Extended Kalman Filter with Nonlinear Dynamics

Problem: Track with nonlinear motion (e.g., coordinated turn model).

Recipe:

import numpy as np
from pytcl.dynamic_estimation.kalman import extended_kalman_filter
from pytcl.coordinate_systems.jacobians import jacobian_cart2sphere

def coordinated_turn_motion(x, T, omega):
    """
    Coordinated turn model transition
    x = [x, vx, y, vy, omega]
    """
    x_pred = x.copy()
    if abs(omega) > 1e-6:
        x_pred[0] = x[0] + x[1]/omega * (np.sin(omega*T)) + x[2]/omega * (np.cos(omega*T) - 1)
        x_pred[1] = x[1] * np.cos(omega*T) - x[2] * np.sin(omega*T)
        x_pred[2] = x[2] + x[1]/omega * (1 - np.cos(omega*T)) + x[2]/omega * np.sin(omega*T)
        x_pred[3] = x[1] * np.sin(omega*T) + x[2] * np.cos(omega*T)
    else:
        # Straight line if omega ≈ 0
        x_pred[:4] += x[1:5] * T

    return x_pred

def jacobian_motion(x, T, omega):
    """Jacobian of motion model"""
    F = np.eye(5)
    if abs(omega) > 1e-6:
        F[0, 1] = np.sin(omega * T) / omega
        F[0, 3] = (np.cos(omega * T) - 1) / omega
        F[1, 1] = np.cos(omega * T)
        F[1, 3] = -np.sin(omega * T)
        F[2, 1] = (1 - np.cos(omega * T)) / omega
        F[2, 3] = np.sin(omega * T) / omega
        F[3, 1] = np.sin(omega * T)
        F[3, 3] = np.cos(omega * T)
    else:
        F[:4, 1:3] = T * np.eye(2)

    return F

class EKFTracker:
    def __init__(self, T=0.1, omega=0.1):
        self.T = T
        self.omega = omega  # Turn rate

        # State: [x, vx, y, vy, omega]
        self.x = np.array([0.0, 1.0, 0.0, 0.0, 0.0])
        self.P = np.eye(5) * 0.1

        self.Q = np.eye(5) * 0.01
        self.H = np.eye(2, 5)  # Measure position
        self.R = np.eye(2) * 0.5**2

    def update(self, measurement):
        # Motion model
        def f_motion(x):
            return coordinated_turn_motion(x, self.T, self.omega)

        def F_jacobian(x):
            return jacobian_motion(x, self.T, self.omega)

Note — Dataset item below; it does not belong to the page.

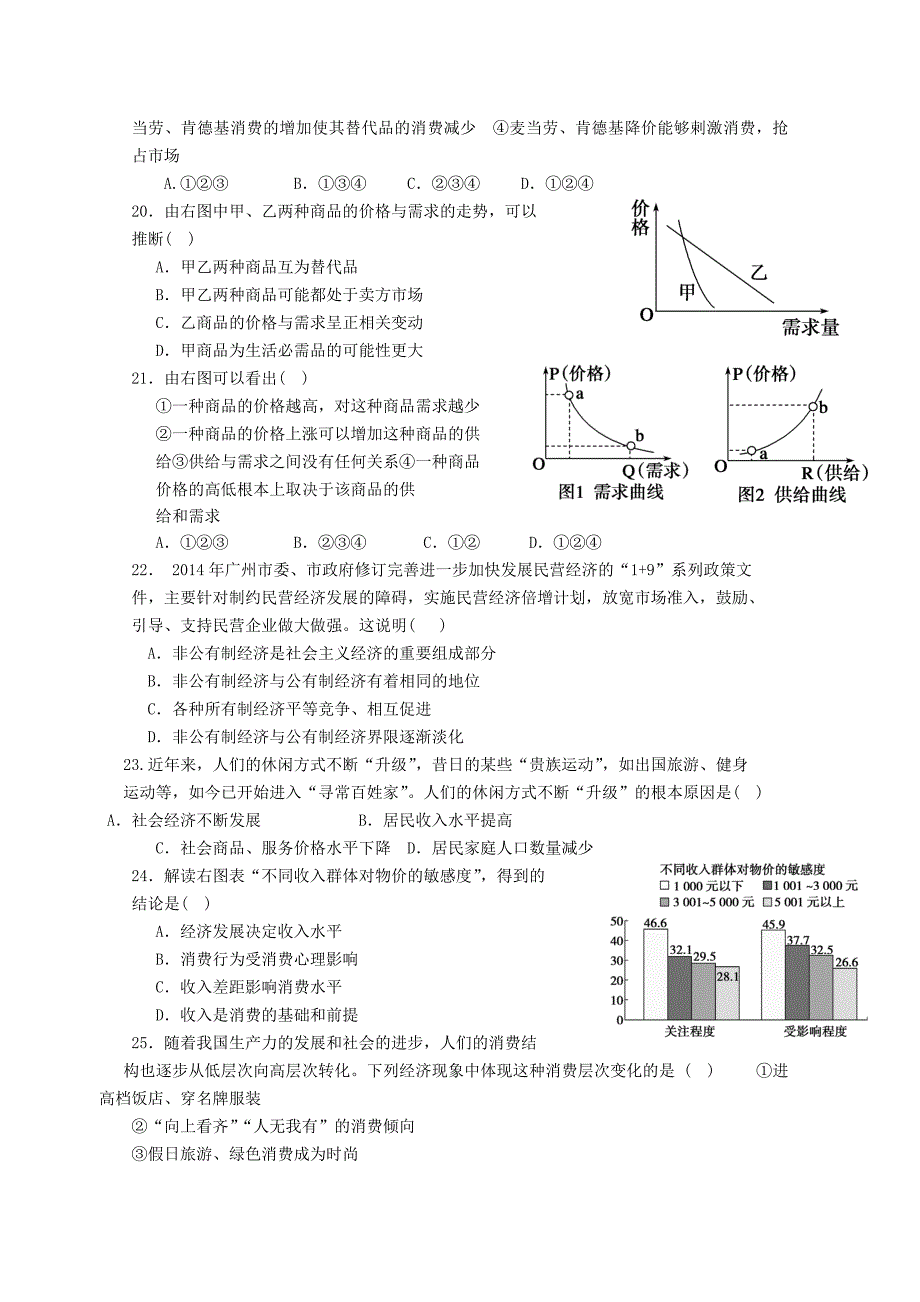 内蒙古包头市一机一中2014-2015学年高一上学期期中政治试题word版含答案_第4页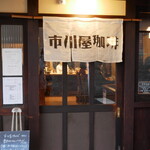 市川屋珈琲 -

        # Measurement model
        def h_measure(x):
            return x[:2]

        def H_jacobian(x):
            return self.H

        # Extended Kalman filter step
        result = extended_kalman_filter(
            self.x, self.P, measurement, self.Q, self.R,
            f_motion, F_jacobian, h_measure, H_jacobian
        )

        self.x = result.x
        self.P = result.P

        return self.x[:2]

# Usage
ekf = EKFTracker()
for t in range(100):
    # Simulated measurement
    z = np.array([100 + t*0.5, 50 + t*0.2]) + np.random.randn(2) * 0.5
    pos = ekf.update(z)
    print(f"Position: {pos}")

Unscented Kalman Filter

Problem: Track nonlinear system without computing Jacobians.

Recipe:

import numpy as np
from pytcl.dynamic_estimation.kalman import unscented_kalman_filter

class UKFTracker:
    def __init__(self, T=0.1, alpha=1e-3, beta=2.0, kappa=1.0):
        """
        Unscented Kalman Filter (no Jacobians needed!)

        alpha, beta, kappa: UKF parameters
        """
        self.T = T
        self.alpha = alpha
        self.beta = beta
        self.kappa = kappa

        # State: [x, vx, y, vy]
        self.x = np.array([0.0, 1.0, 0.0, 0.0])
        self.P = np.eye(4) * 0.1

        self.Q = np.eye(4) * 0.01
        self.R = np.eye(2) * 0.5**2

    def motion_model(self, x, dt):
        """Nonlinear motion: could be any complex model"""
        x_new = x.copy()
        x_new[0] += x[1] * dt
        x_new[2] += x[3] * dt
        return x_new

    def measurement_model(self, x):
        """Measure position and speed"""
        return np.array([x[0], np.sqrt(x[1]**2 + x[3]**2)])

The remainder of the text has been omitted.